Anyway - the background story is - Friend couldn't make it to the Philharmonic last minute so I went alone, met this guy there - went on ONE HORRIFIC date. Then got this email from him:

Hi Lauren,

I'm disappointed in you. I'm disappointed that I haven't gotten a response to my voicemail and text messages.

FYI, I suggest that you keep in mind that emails sound more impersonal, harsher, and are easier to misinterpret than in-person or phone communication. After all, people can't see someone's body language or tone of voice in an email. I'm not trying to be harsh, patronizing or insulting in this email. I'm honest and direct by nature, and I'm going to be that way in this email. By the way, I did a Google Search, so that's how I came across your email.

I assume that you no longer want to go out with me. (If you do want to go out with me, then you should let me know). I suggest that you make a sincere apology to me for giving me mixed signals. I feel led on by you.

Things that happened during our date include, but are not limited to the following:
You played with your hair a log. A woman playing with her hair is a common sign of flirtation. you can even do a Google Search on it. When a woman plays with her hair, she is preening. I've never had a date where a woman played with her hair as much as you did. In addition, it didn't look like you were playing with your hair out of nervousness.

We had lots of eye contact during our date. On a per- minute basis, I've never had as much eye contact during a date as I did with you.

You said Ït was nice to meet you" at the end of our date. A woman coud say this statement as a way to show that she isn't interested in seeing a man again or she could mean what she said - that it was nice to meet you. The statement, by itself, is inconclusive.

We had a nice conversation over dinner. I don't think I'm being delusional in saying this statement.

In my opinion, leading someone on (ie - giving mixed signals) is impolite and immature. It's bad to do that.

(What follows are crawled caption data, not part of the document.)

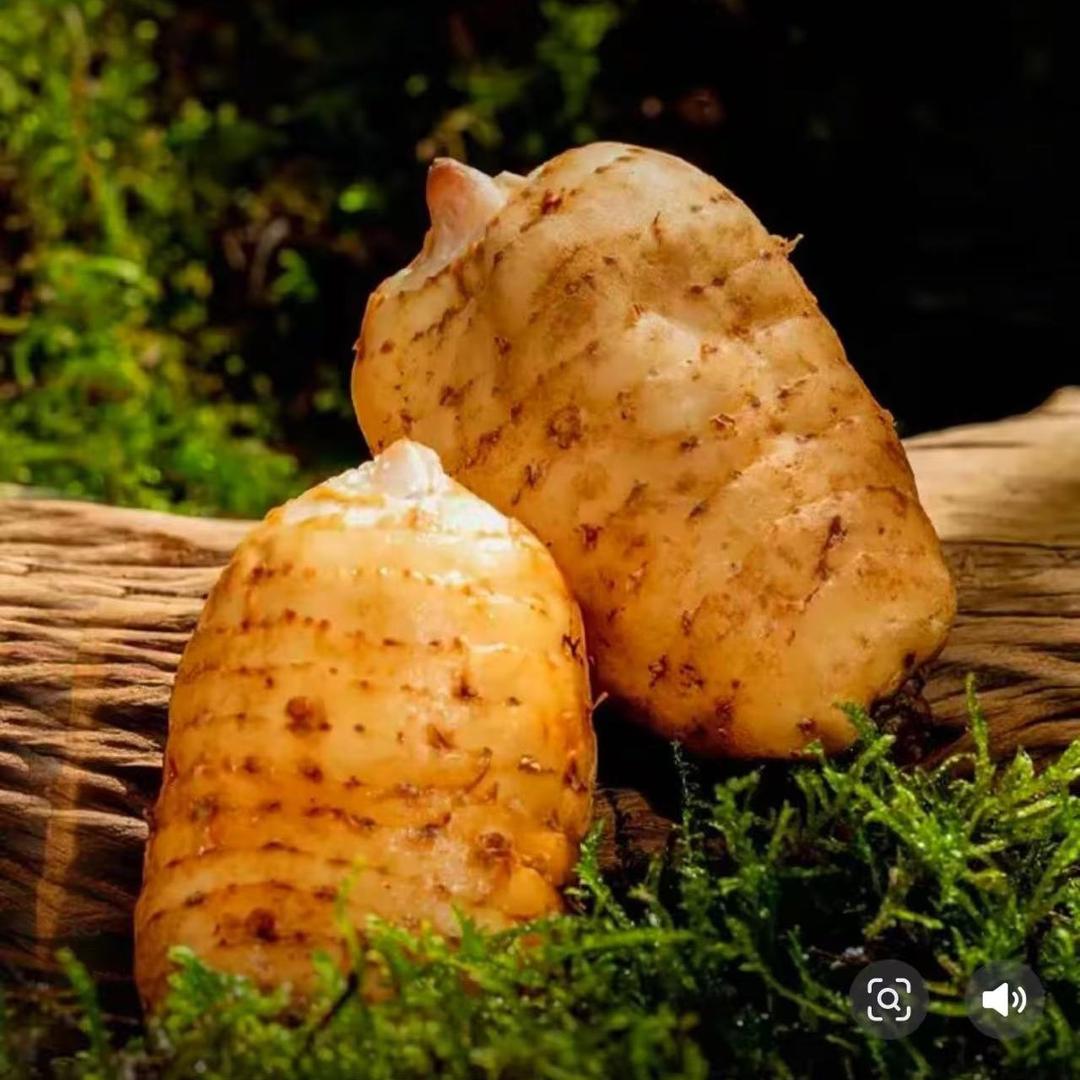 天麻种植小王老师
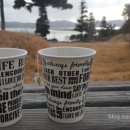 쥬크 소프트 이미지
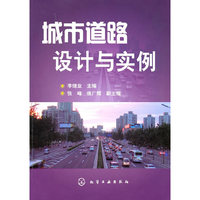 城市道路设计与实例
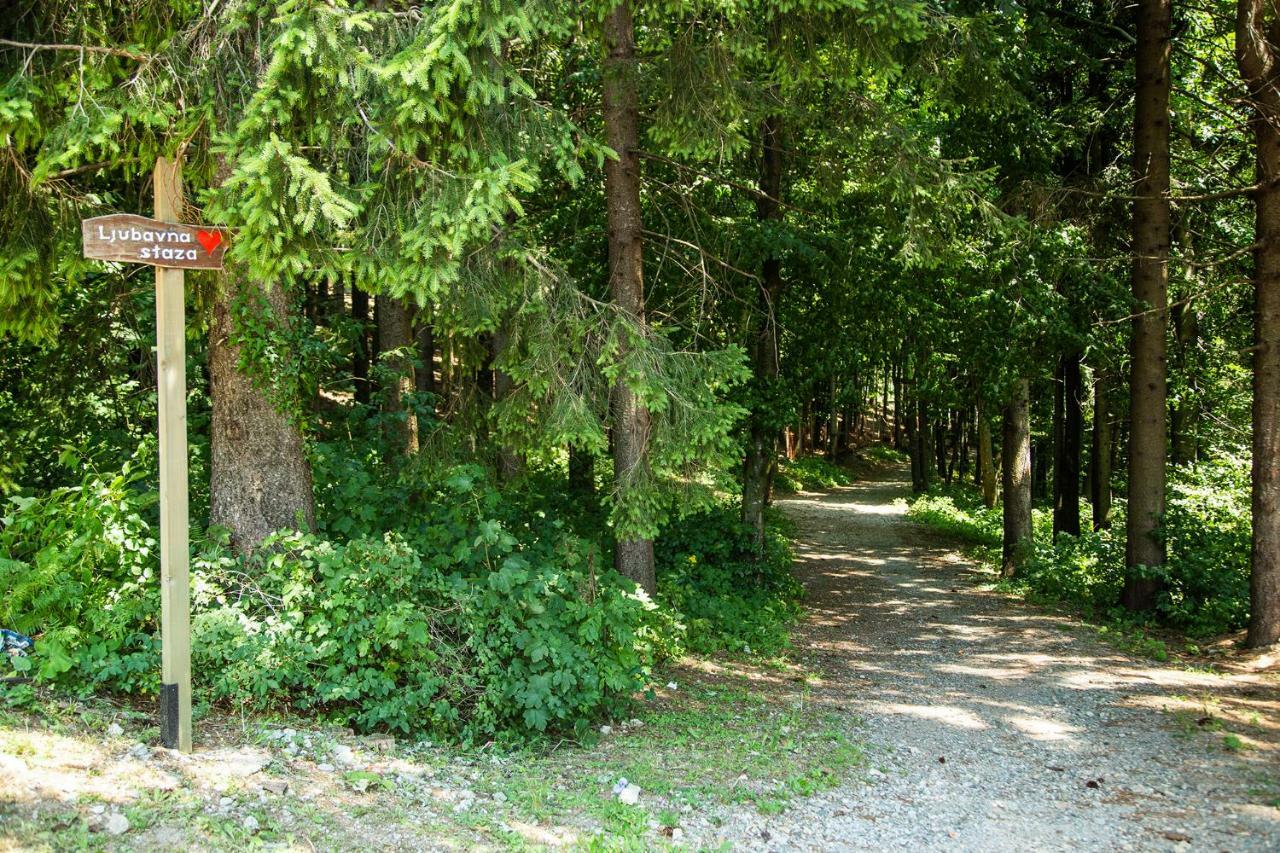 Apartman Japlenski Delnice Buitenkant foto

Normally, I would not be asking for information if a woman and I don't go out again after our first date. However, in our case, I'm curious because I think our date went well and that there is a lot of potential for a serious relationship. Of course, it's difficult to predict what would happen, but I think there is a lot of potential for a serious relationship developing between us one day (or at least there was before your non-response to my voicemail and text messages).

I think we should go out on a second date. In my opinion our first date was good enough to lead to a second date.

Why am I writing to you? Well, hopefully, we will go out again. Even if we don't, I gain utility from expressing my thoughts to you. In addition, even if you don't want to go out again, I would like to get feedback as to why you wouldn't want to go again.Normally I wouldn't ask a woman for this type of feedback after a first date, but this is an exception given I think we have a lot of potential.

If you don't want to go gain, then apparently you didn't think our first date wa good enough to lead to a second date. Dating or a serious relationshop is not a Hollywood movie.It's good to keep that in mind. In general, I thought the date went well and was expecting that we would go out on a second date.

If you're not interested in going out again, then I would have preferred if you hadn't given me those mixed signals. I feel led on. We have a number of things in common. I'll name a few things: First, we're both very intelligent. Second, we both like classical music so much that we go to classical music performances by ourselves. In fact, the number one interest that I would want to have in common with a woman with whom I'm in a relationship is a liking of classical music. I wouldn't be seriously involved with a woman if she didn't like classical music. You said that you're planning to go to the NY Philharmonic more often in the future. As I said, I go to the NY Philharmonic often.

You're very busy. It would be very convenient for you to date me because we have the same interests. We already go to classical music performances by ourselves. If we go to classical music performances together, it wouldn't take any significant additional time on your part.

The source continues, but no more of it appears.